UINT32 convU8toU32(UINT8 *number) {
  UINT32 result = *number;
  return *result;
}

Please notice that I'm a new comer to C++ from the Java world.

Answer 1

The function is correct as is (the typo with the * in the return *result; aside), but you don't even need it. Integers (and other integral types) convert implicitly to one another, and as UINT32 can represent every value a UINT8 can have, you can simply write

UINT32 target = source;

for some UINT8 source .

Making the conversion explicit with a static_cast is optional; if the conversion was (potentially) narrowing, the cast would silence some compiler warnings.

Answer 2

You need

 UINT32 result = static_cast<UINT32>(*number);

to de-refernce the pointer and cast it to the right type

But would

UINT32 convU8toU32(UINT8 number) {
   return static_cast<UINT32>(number);
}

be better and avoid pointers in the first place

Event better avoid the function call and type in the static cast in the appropriate line of code.

Answer 3

 UINT32 convU8toU32(UINT8 *number) { UINT32 result = *number; return *result; } 

I assume in my answer that UINT32 and UINT8 are fancy aliases for fundamental integer types.

Would my [...] code be considered

• correct, valid

No, given my assumption that UINT32 is an integer. You cannot dereference an integer.
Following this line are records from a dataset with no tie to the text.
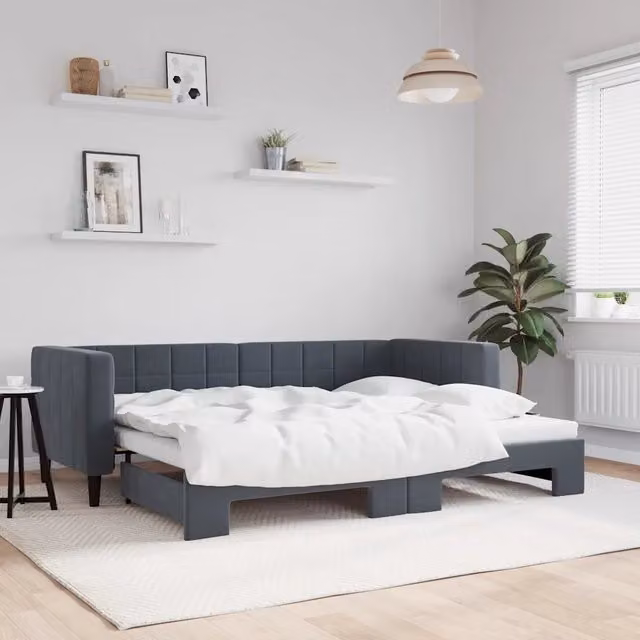 Divano Letto con Letto Estraibile-Sofa Letto-Daybed Grigio Scuro 80x200cm Velluto 536038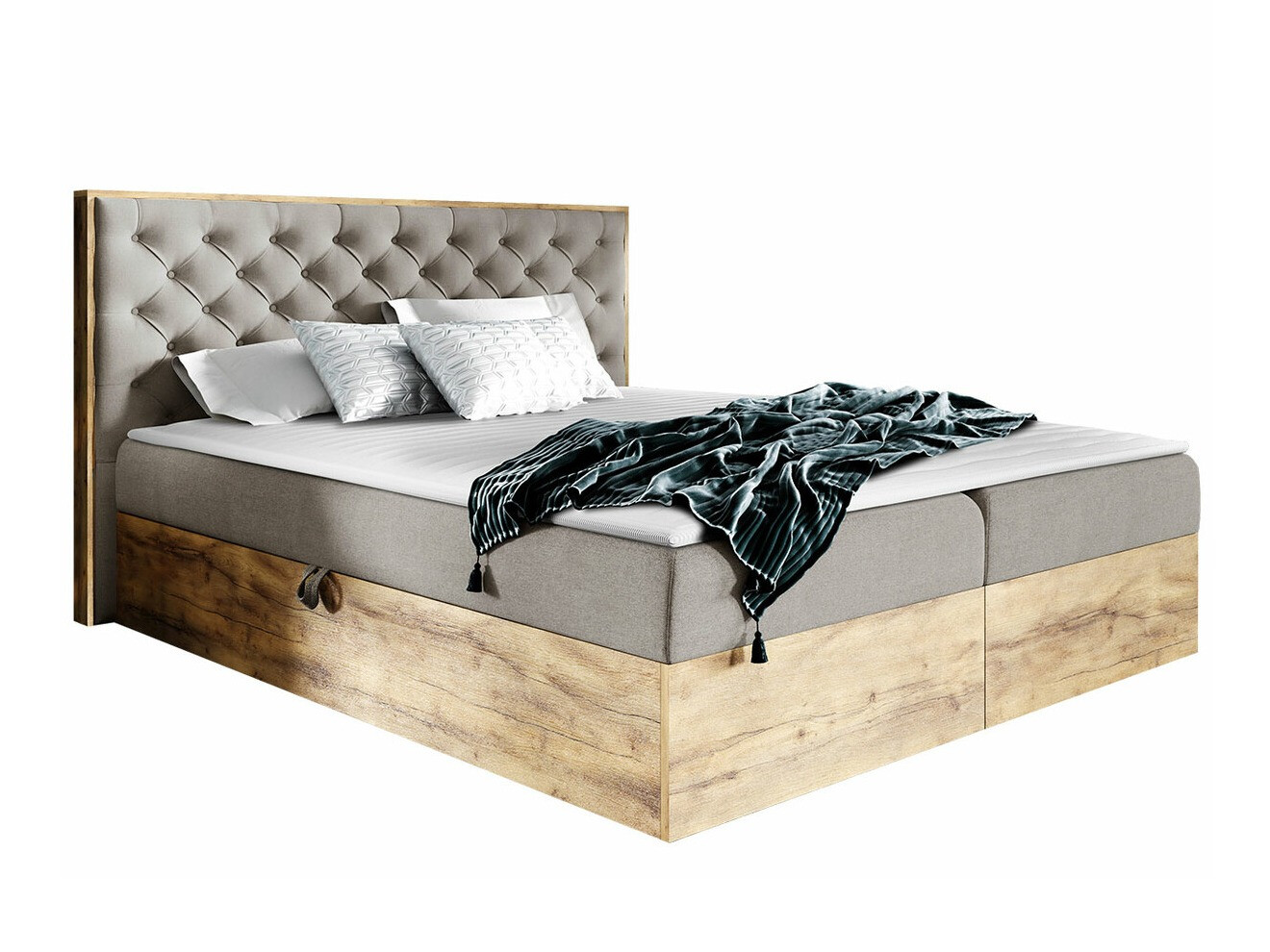 Boxspring krevet Navis I (Hrast Votan + Faro 20)
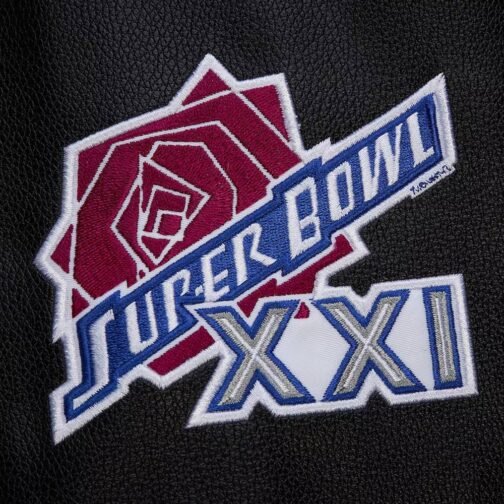 NY Giants Blackout Vintage Logo Varsity Jacket - Image 5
Which is what you try to do on line return *result;

• efficient

Does not matter since it is not correct.

• safe

Well, it safely fails to compile.

---

This should be OK:

UINT32 convU8toU32(UINT8 number) {
    return number;
}

Of course, this is so simple that you may want to consider not calling the function, but assign directly in the first place:

// not UINT32 foo = convU8toU32(some_uint8);
// but instead:
UINT32 foo = some_uint8;

Answer 4

Well, no. Assuming UINT32 is a 32-bit unsigned integral type and UINT8 is an 8-bit unsigned integral type, your code

UINT32 convU8toU32(UINT8 *number) {
   UINT32 result = *number;
   return *result;
}

would not even compile. The reason is that an integral type cannot be dereferenced as if it is a pointer. The statement return *result will therefore not compile, let alone be executed.

In reality, converting an 8-bit unsigned integral value to a 32-bit unsigned integral type is perfectly simple.

UINT32 convU8toU32(UINT8 number)
{
   UINT32 result = number;
   return result;
}

or, even more simply,

UINT32 convU8toU32(UINT8 number)
{
   return number;
}

These rely on implicit conversions to 32-bit unsigned integral type. Since a 32-bit unsigned integral type can exactly represent every value that an 8-bit unsigned integral type can, the conversion preserves value. Conversion the other way (from 32-bit to 8-bit) potentially loses value.

If you want to avoid implicit conversions, simply do an explicit conversion, such as

UINT32 convU8toU32(UINT8 number)
{
    return (UINT32) number;    // C-style conversion - discouraged in C++
}

or

UINT32 convU8toU32(UINT8 number)
{
    return UINT32(number);
}

or (to really make it obvious to anyone looking, and easy to find when searching a source file)

UINT32 convU8toU32(UINT8 number)
{
    return static_cast<UINT32>(number);
}

Of course, a function isn't even needed

 UINT8 value8 = something();
 UINT32 value32 = value8;

will do instead of using this function.